Problem to work on: Only the lines below from the one with "微新生物柑橘公開課 11月份沃柑關鍵管理要點與生物制劑營養方案" through the one with "10 Tiger Lily" are to be written out, exactly and without any images.

----------

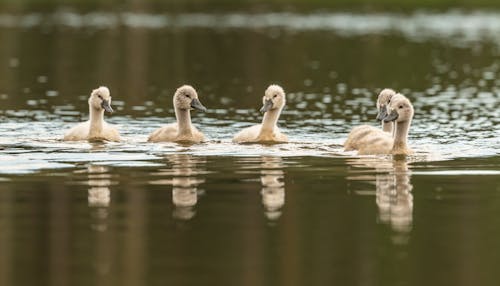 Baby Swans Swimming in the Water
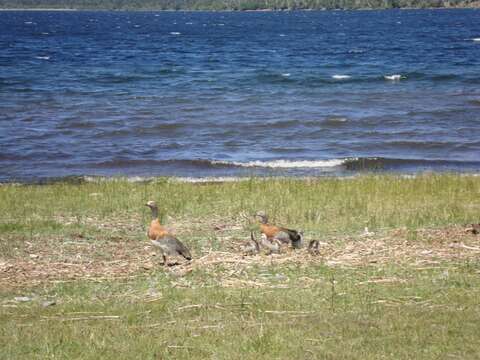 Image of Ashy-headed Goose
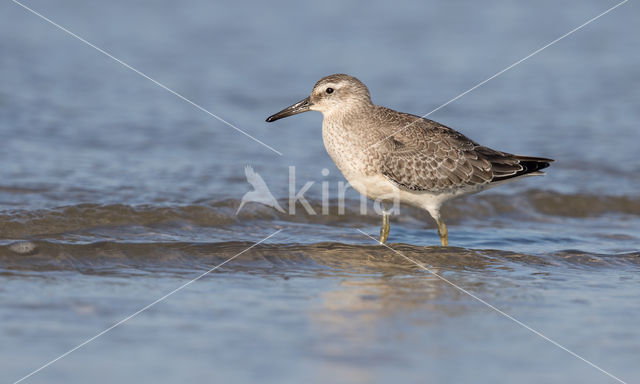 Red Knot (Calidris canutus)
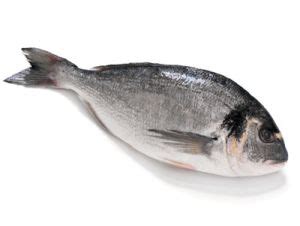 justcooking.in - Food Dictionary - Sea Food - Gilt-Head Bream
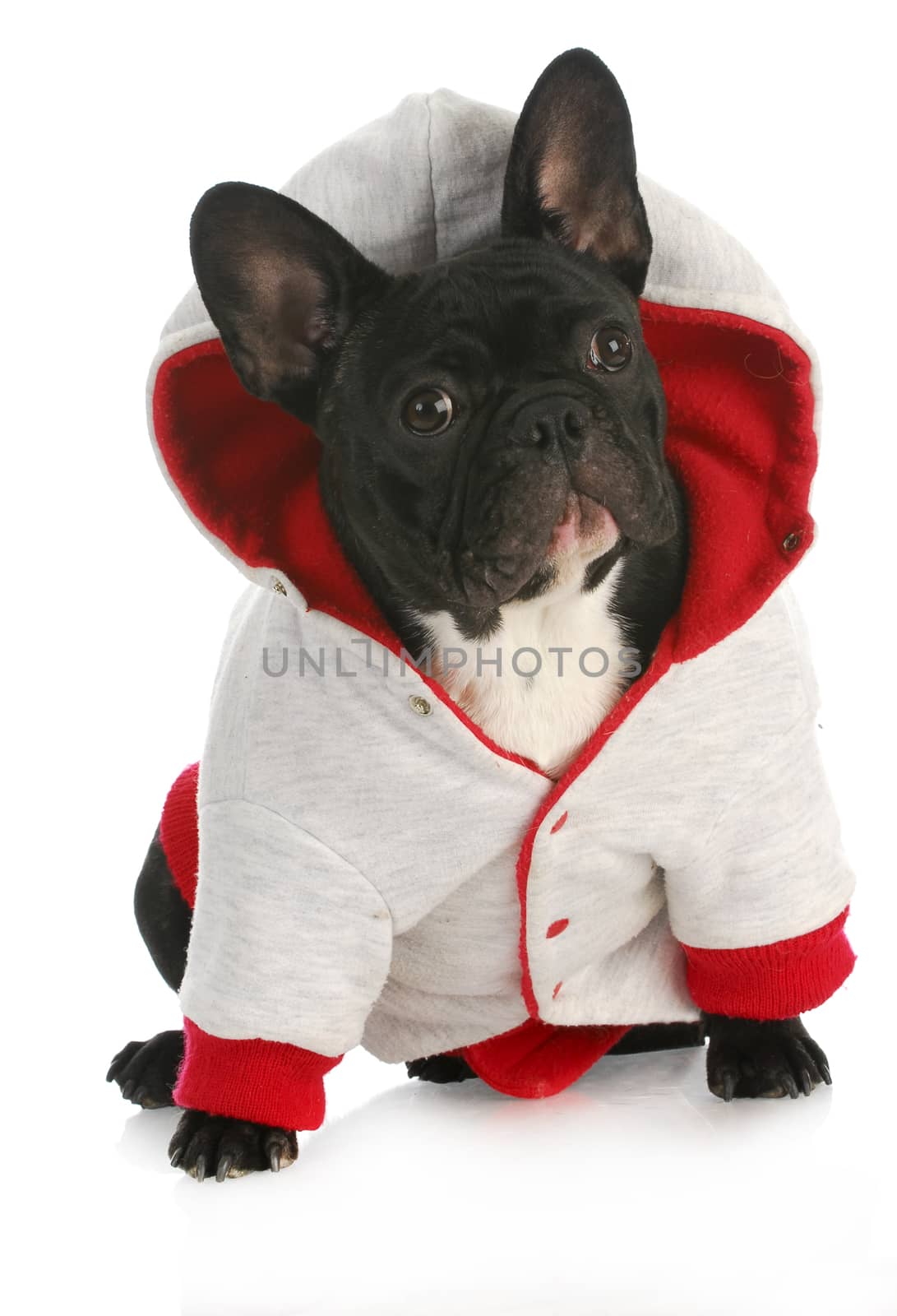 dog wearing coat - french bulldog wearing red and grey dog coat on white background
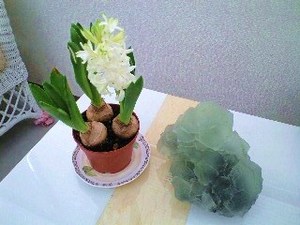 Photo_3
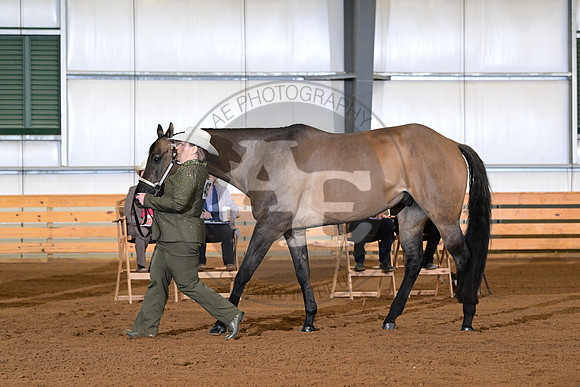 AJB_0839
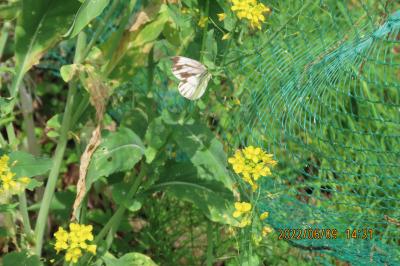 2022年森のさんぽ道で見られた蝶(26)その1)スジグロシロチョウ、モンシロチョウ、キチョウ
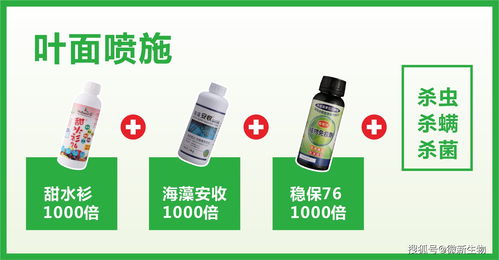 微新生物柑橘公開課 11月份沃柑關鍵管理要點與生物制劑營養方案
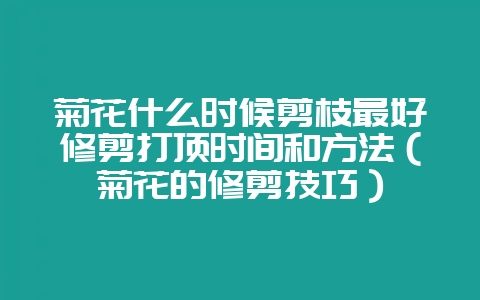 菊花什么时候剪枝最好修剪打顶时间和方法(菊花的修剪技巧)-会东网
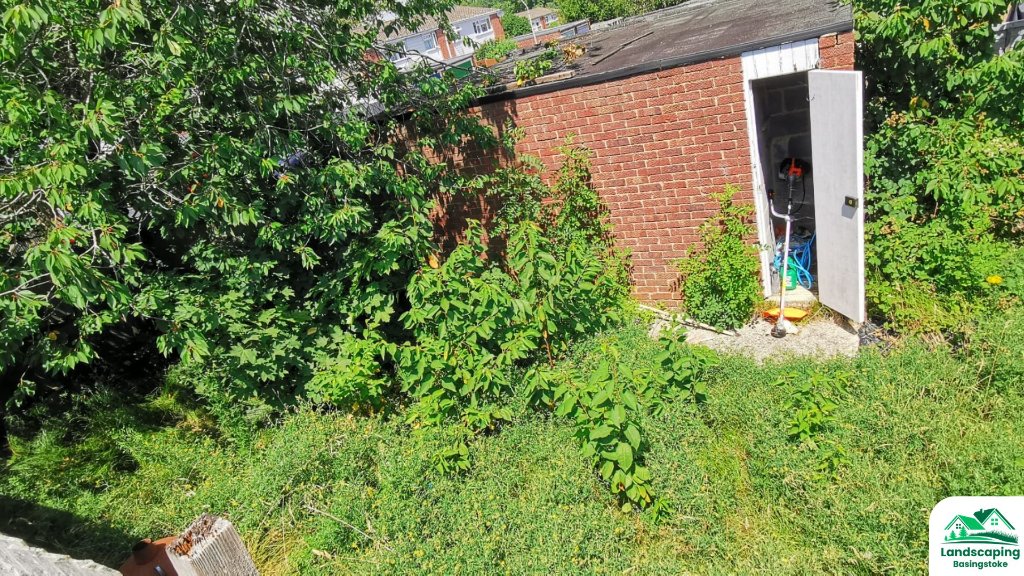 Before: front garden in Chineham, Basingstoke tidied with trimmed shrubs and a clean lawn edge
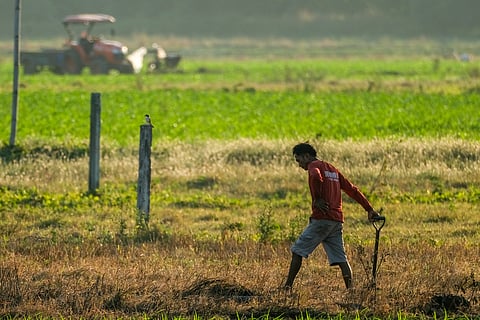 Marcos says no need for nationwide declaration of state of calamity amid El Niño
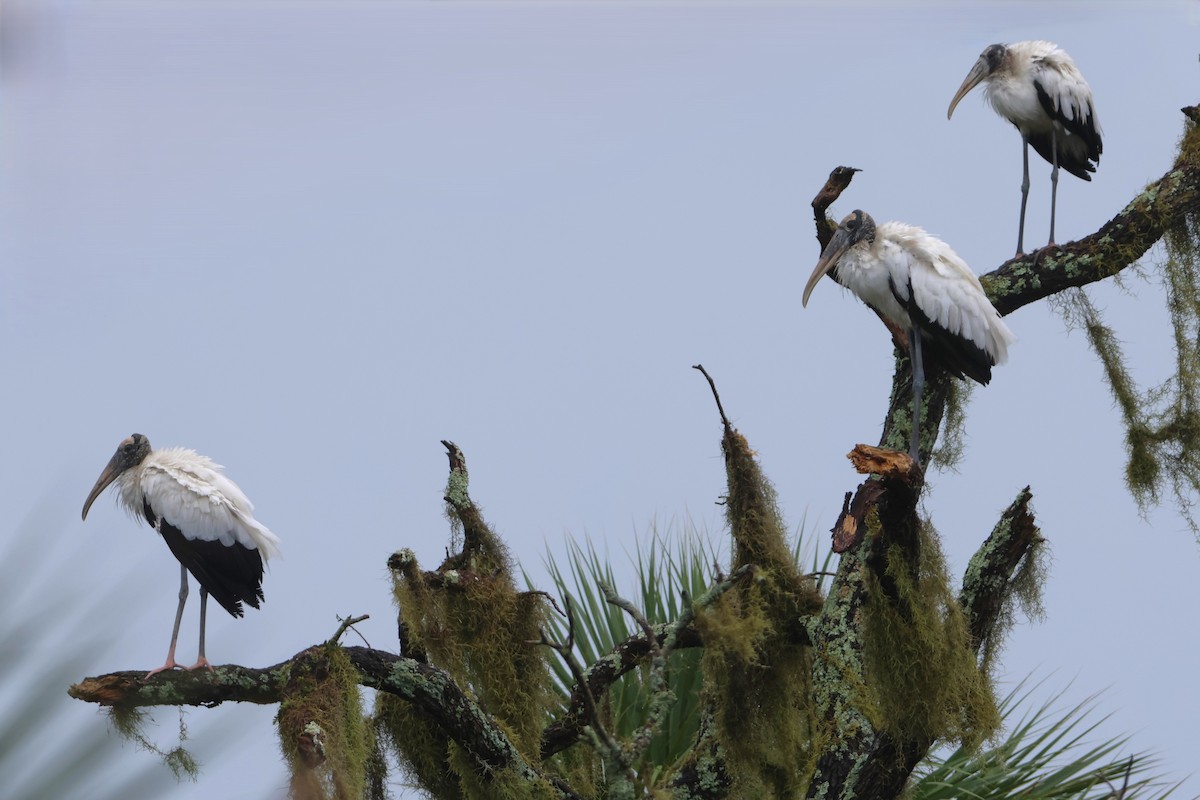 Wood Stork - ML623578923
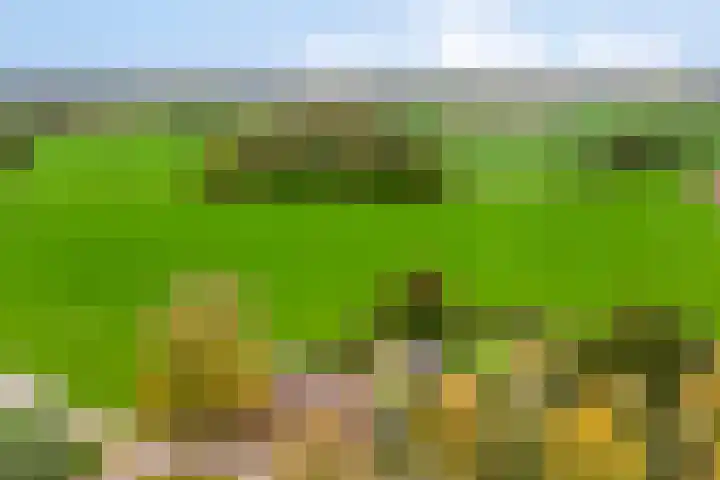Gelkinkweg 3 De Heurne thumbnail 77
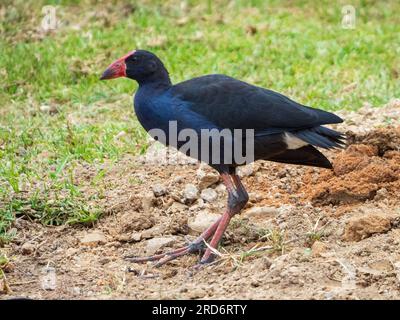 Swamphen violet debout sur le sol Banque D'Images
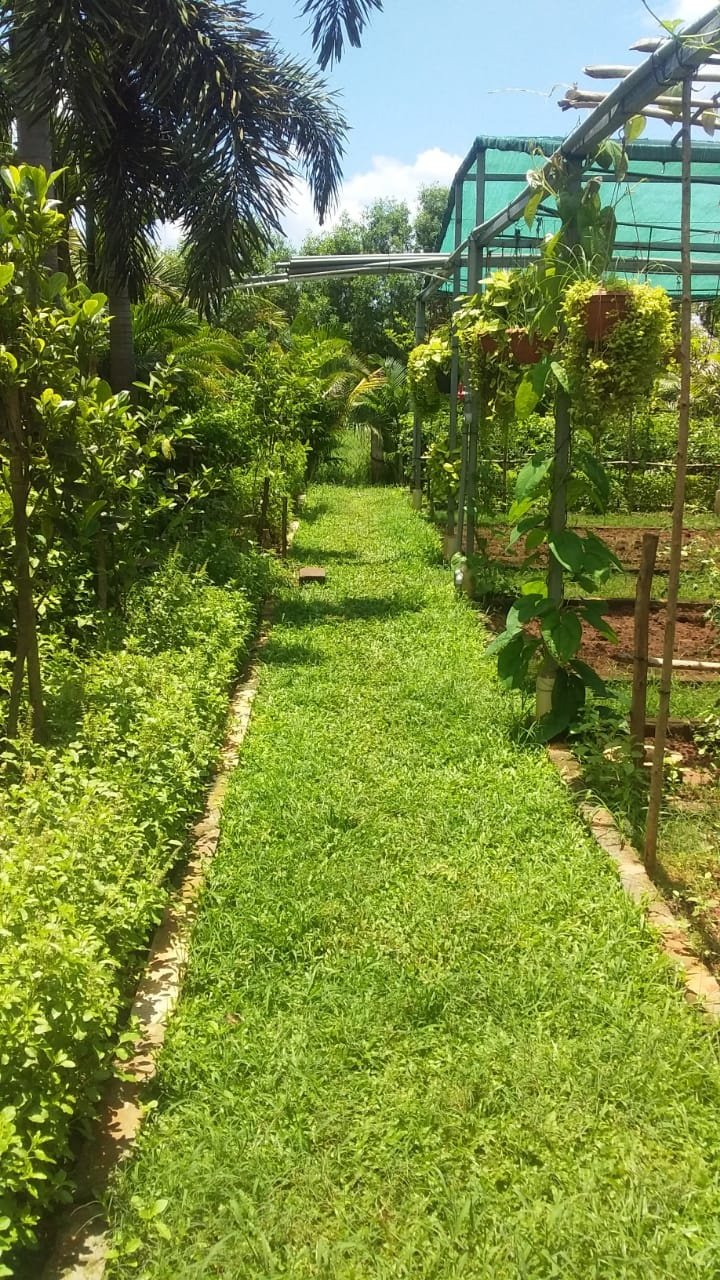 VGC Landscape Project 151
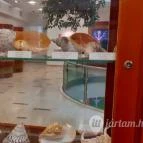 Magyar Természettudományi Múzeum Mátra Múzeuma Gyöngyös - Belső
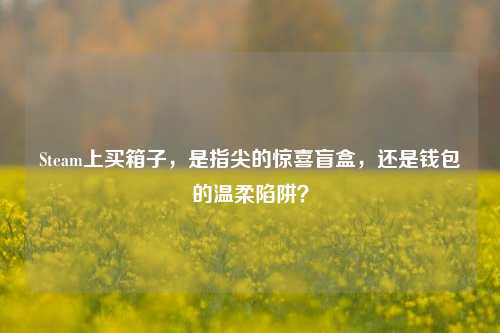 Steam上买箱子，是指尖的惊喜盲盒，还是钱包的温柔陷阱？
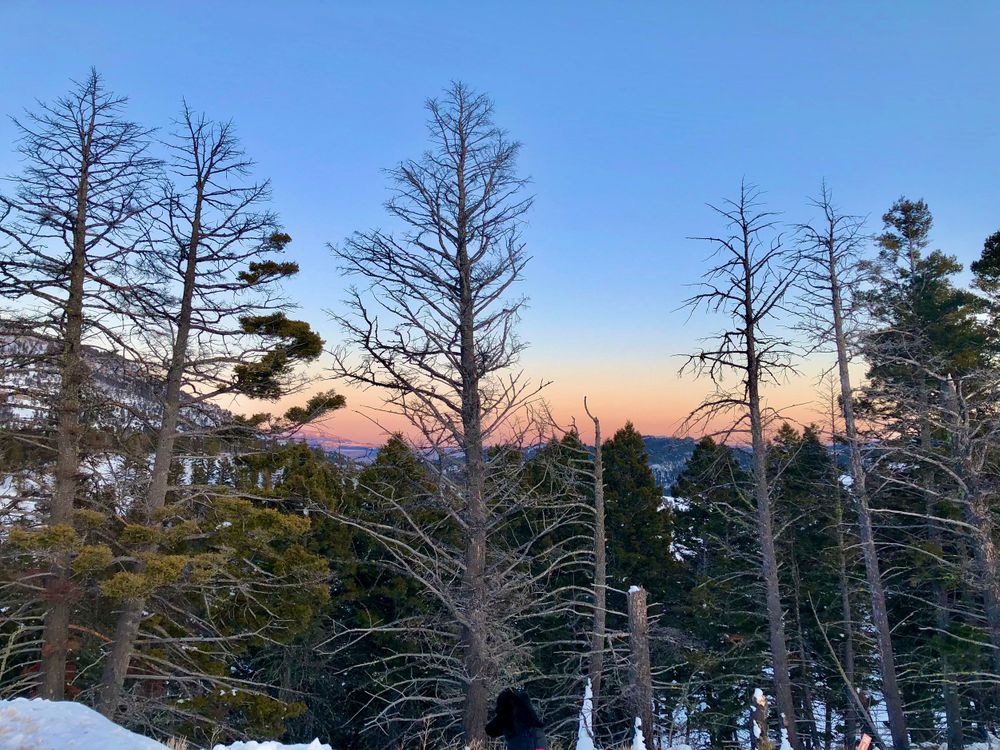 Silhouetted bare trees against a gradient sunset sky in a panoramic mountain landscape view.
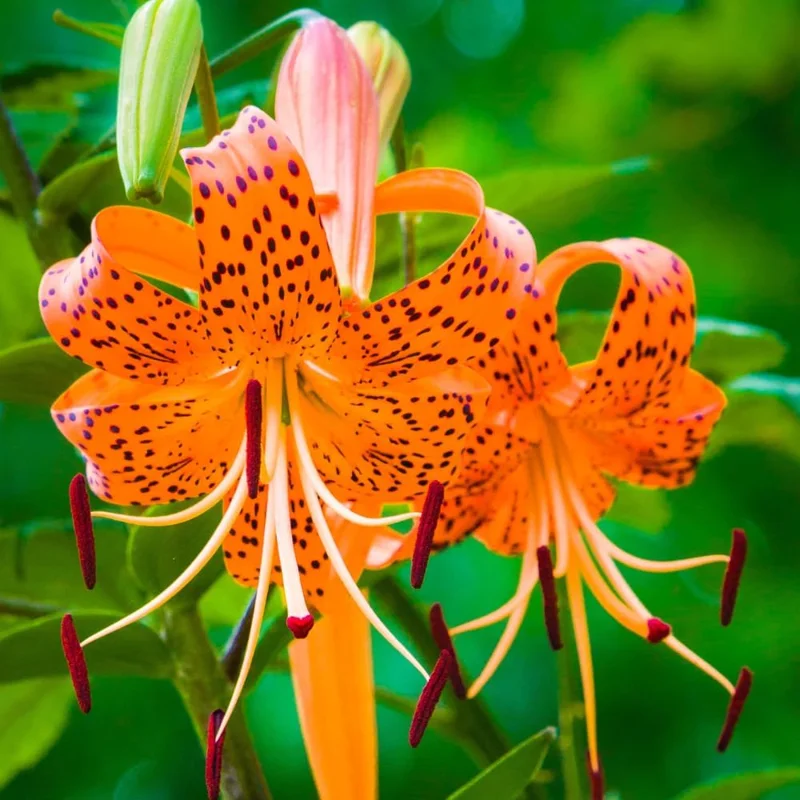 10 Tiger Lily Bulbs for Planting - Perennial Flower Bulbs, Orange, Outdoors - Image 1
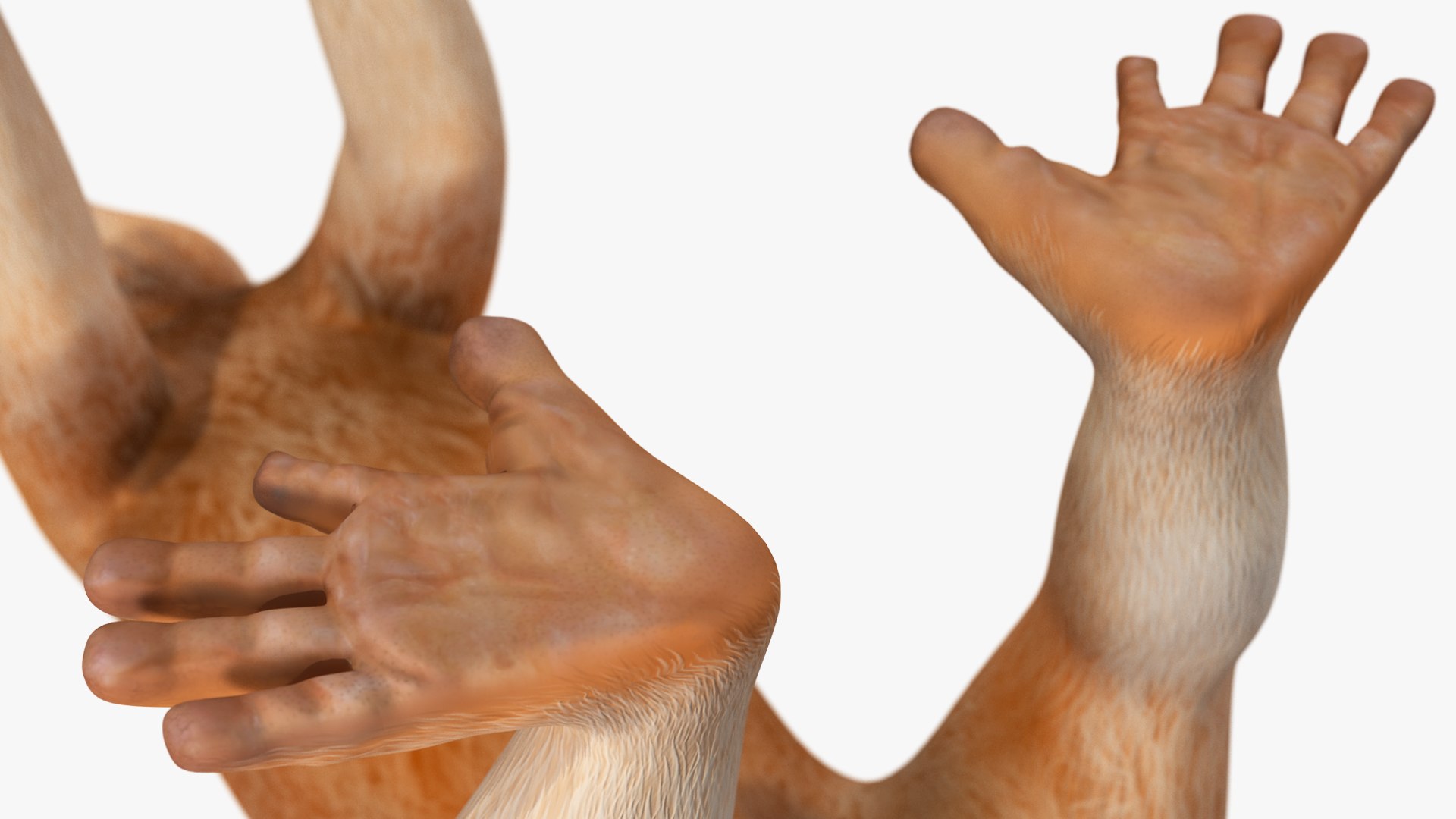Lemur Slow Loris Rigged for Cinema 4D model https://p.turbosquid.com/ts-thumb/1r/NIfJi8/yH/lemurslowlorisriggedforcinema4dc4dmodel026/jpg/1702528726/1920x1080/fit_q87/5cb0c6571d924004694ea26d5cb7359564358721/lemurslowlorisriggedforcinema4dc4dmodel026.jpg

----------

Expected answer:
 微新生物柑橘公開課 11月份沃柑關鍵管理要點與生物制劑營養方案
 菊花什么时候剪枝最好修剪打顶时间和方法(菊花的修剪技巧)-会东网
 Before: front garden in Chineham, Basingstoke tidied with trimmed shrubs and a clean lawn edge
 Marcos says no need for nationwide declaration of state of calamity amid El Niño
 Wood Stork - ML623578923
Gelkinkweg 3 De Heurne thumbnail 77
 Swamphen violet debout sur le sol Banque D'Images
 VGC Landscape Project 151
 Magyar Természettudományi Múzeum Mátra Múzeuma Gyöngyös - Belső
 Steam上买箱子，是指尖的惊喜盲盒，还是钱包的温柔陷阱？
 Silhouetted bare trees against a gradient sunset sky in a panoramic mountain landscape view.
 10 Tiger Lily Bulbs for Planting - Perennial Flower Bulbs, Orange, Outdoors - Image 1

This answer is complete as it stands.